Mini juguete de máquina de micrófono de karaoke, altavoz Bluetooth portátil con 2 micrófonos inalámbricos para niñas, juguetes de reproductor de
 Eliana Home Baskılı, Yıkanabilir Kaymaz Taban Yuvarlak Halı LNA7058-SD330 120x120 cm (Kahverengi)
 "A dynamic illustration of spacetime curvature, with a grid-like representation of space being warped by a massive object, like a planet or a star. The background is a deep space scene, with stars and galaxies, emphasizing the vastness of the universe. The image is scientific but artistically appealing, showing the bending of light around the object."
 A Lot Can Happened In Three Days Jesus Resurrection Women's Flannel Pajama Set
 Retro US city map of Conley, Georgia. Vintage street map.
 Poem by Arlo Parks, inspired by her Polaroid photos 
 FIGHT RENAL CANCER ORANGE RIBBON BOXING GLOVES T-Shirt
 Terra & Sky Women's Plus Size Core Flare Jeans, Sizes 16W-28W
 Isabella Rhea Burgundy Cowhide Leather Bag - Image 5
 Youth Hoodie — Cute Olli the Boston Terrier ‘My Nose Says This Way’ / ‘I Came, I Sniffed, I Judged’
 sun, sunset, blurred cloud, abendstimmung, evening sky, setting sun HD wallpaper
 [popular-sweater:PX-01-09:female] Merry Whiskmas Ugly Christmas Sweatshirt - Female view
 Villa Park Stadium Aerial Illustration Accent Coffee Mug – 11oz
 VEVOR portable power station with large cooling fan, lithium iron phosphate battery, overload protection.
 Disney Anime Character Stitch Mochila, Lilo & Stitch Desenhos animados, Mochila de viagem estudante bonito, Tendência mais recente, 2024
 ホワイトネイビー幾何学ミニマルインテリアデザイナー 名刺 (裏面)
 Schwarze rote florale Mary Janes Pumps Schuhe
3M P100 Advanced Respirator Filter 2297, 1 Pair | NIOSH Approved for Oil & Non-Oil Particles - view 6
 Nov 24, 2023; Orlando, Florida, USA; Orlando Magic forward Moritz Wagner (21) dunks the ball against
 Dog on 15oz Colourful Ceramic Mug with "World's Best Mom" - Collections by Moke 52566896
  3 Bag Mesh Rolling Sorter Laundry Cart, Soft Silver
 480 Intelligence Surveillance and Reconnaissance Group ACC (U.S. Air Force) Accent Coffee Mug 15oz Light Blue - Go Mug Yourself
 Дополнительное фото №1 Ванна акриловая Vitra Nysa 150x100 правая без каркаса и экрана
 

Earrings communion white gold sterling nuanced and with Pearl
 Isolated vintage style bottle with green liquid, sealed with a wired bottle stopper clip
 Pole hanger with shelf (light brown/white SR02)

---

- Exercise description
Return, exactly as written, only those lines that run from the one with "Retro US city" to the last line of the data, both of those lines included.

- Reply
 Retro US city map of Conley, Georgia. Vintage street map.
 Poem by Arlo Parks, inspired by her Polaroid photos 
 FIGHT RENAL CANCER ORANGE RIBBON BOXING GLOVES T-Shirt
 Terra & Sky Women's Plus Size Core Flare Jeans, Sizes 16W-28W
 Isabella Rhea Burgundy Cowhide Leather Bag - Image 5
 Youth Hoodie — Cute Olli the Boston Terrier ‘My Nose Says This Way’ / ‘I Came, I Sniffed, I Judged’
 sun, sunset, blurred cloud, abendstimmung, evening sky, setting sun HD wallpaper
 [popular-sweater:PX-01-09:female] Merry Whiskmas Ugly Christmas Sweatshirt - Female view
 Villa Park Stadium Aerial Illustration Accent Coffee Mug – 11oz
 VEVOR portable power station with large cooling fan, lithium iron phosphate battery, overload protection.
 Disney Anime Character Stitch Mochila, Lilo & Stitch Desenhos animados, Mochila de viagem estudante bonito, Tendência mais recente, 2024
 ホワイトネイビー幾何学ミニマルインテリアデザイナー 名刺 (裏面)
 Schwarze rote florale Mary Janes Pumps Schuhe
3M P100 Advanced Respirator Filter 2297, 1 Pair | NIOSH Approved for Oil & Non-Oil Particles - view 6
 Nov 24, 2023; Orlando, Florida, USA; Orlando Magic forward Moritz Wagner (21) dunks the ball against
 Dog on 15oz Colourful Ceramic Mug with "World's Best Mom" - Collections by Moke 52566896
  3 Bag Mesh Rolling Sorter Laundry Cart, Soft Silver
 480 Intelligence Surveillance and Reconnaissance Group ACC (U.S. Air Force) Accent Coffee Mug 15oz Light Blue - Go Mug Yourself
 Дополнительное фото №1 Ванна акриловая Vitra Nysa 150x100 правая без каркаса и экрана
 

Earrings communion white gold sterling nuanced and with Pearl
 Isolated vintage style bottle with green liquid, sealed with a wired bottle stopper clip
 Pole hanger with shelf (light brown/white SR02)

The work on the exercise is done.